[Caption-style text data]
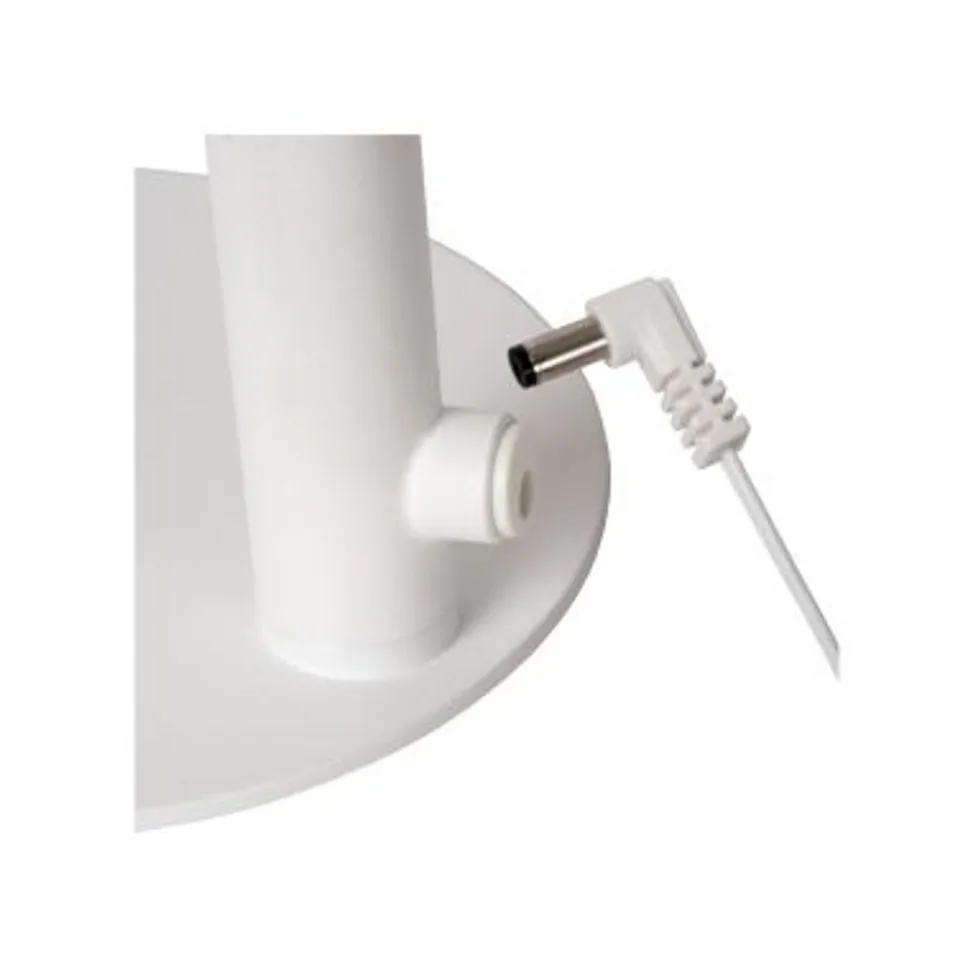Lucide GILLY Bureaulamp-Wit-LED Dimb.-3W-2700K-Metaal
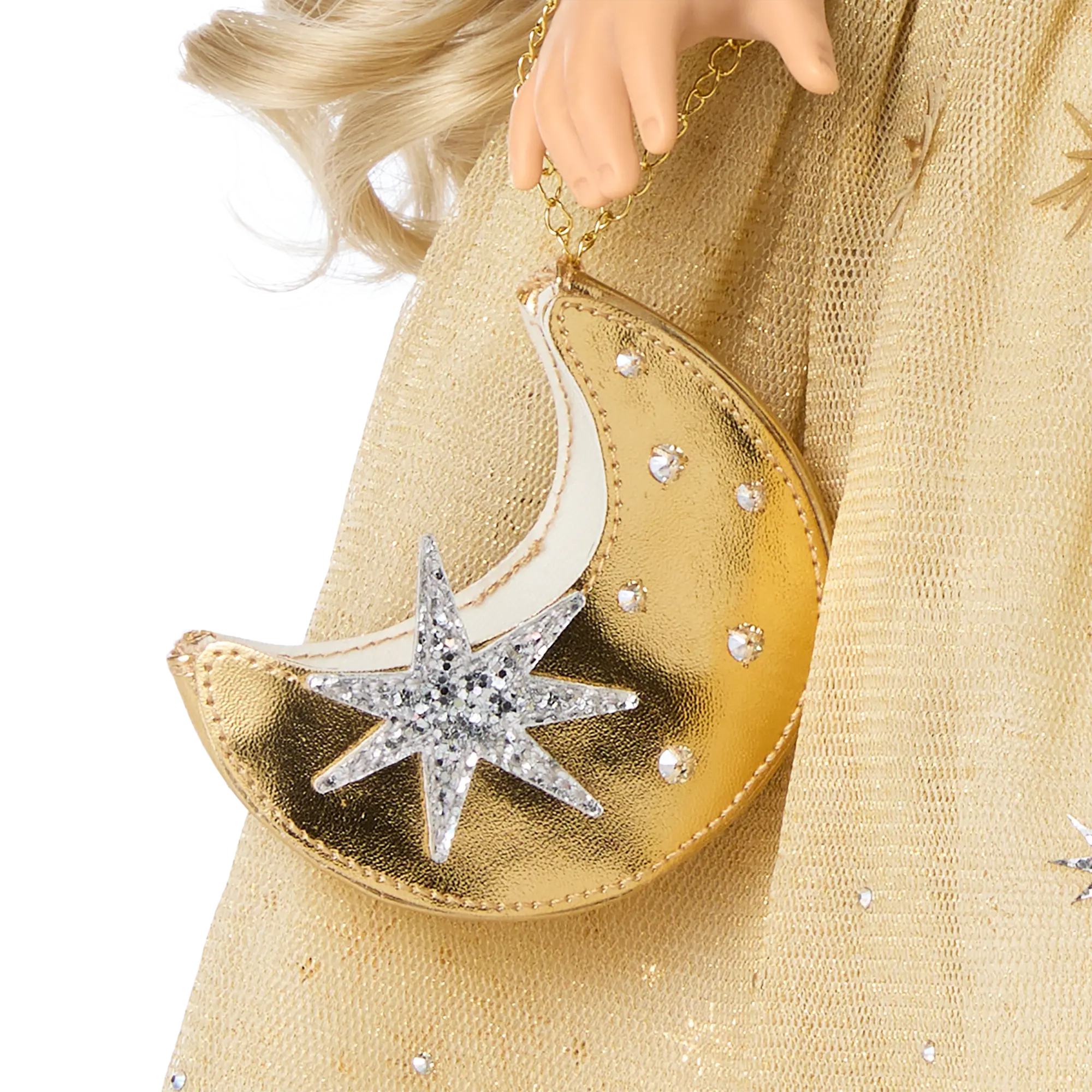 American Girl 2025 Glimmering Gold Holiday Collector Doll - Image 11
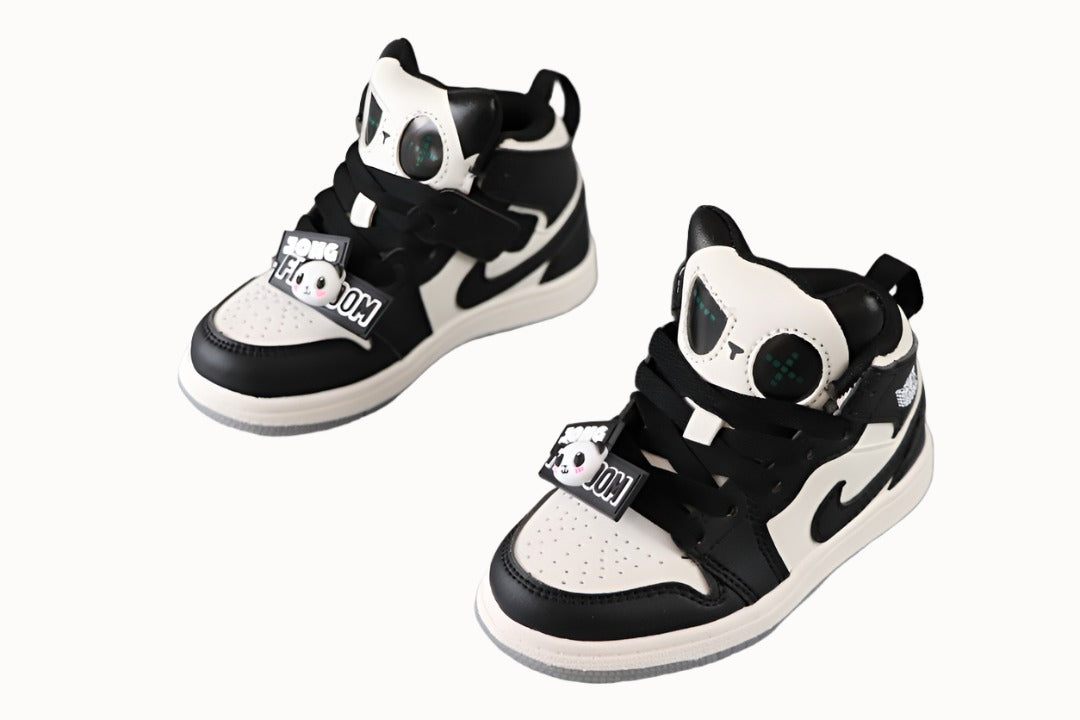 Kids Air Jordan 1 High  'Panda Black White'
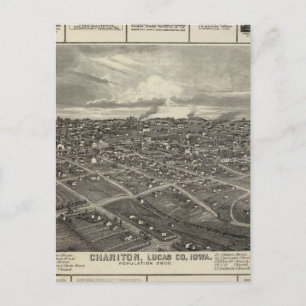 Carte Postale Chariton, Iowa commerces en Davenport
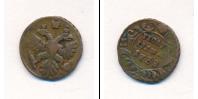 Монета 1730 – 1740 Анна Иоанновна 1 полушка Медь 1738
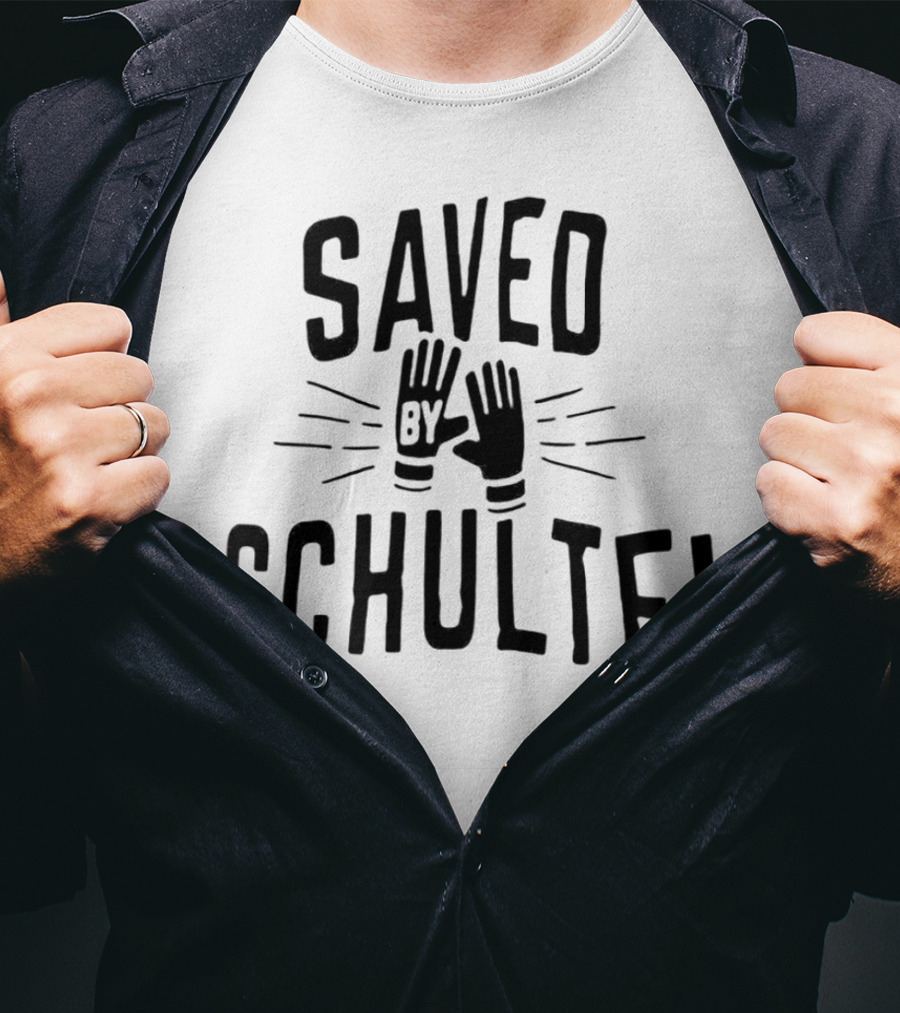 Saved By Schulte Soccer Goalkeeper Gloves T-Shirt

**Your objective:**
A picture-free version of all the records, repeated exactly, is what to return.

**Answer section:**
Lucide GILLY Bureaulamp-Wit-LED Dimb.-3W-2700K-Metaal
 American Girl 2025 Glimmering Gold Holiday Collector Doll - Image 11
 Kids Air Jordan 1 High  'Panda Black White'
 Carte Postale Chariton, Iowa commerces en Davenport
 Монета 1730 – 1740 Анна Иоанновна 1 полушка Медь 1738
 Saved By Schulte Soccer Goalkeeper Gloves T-Shirt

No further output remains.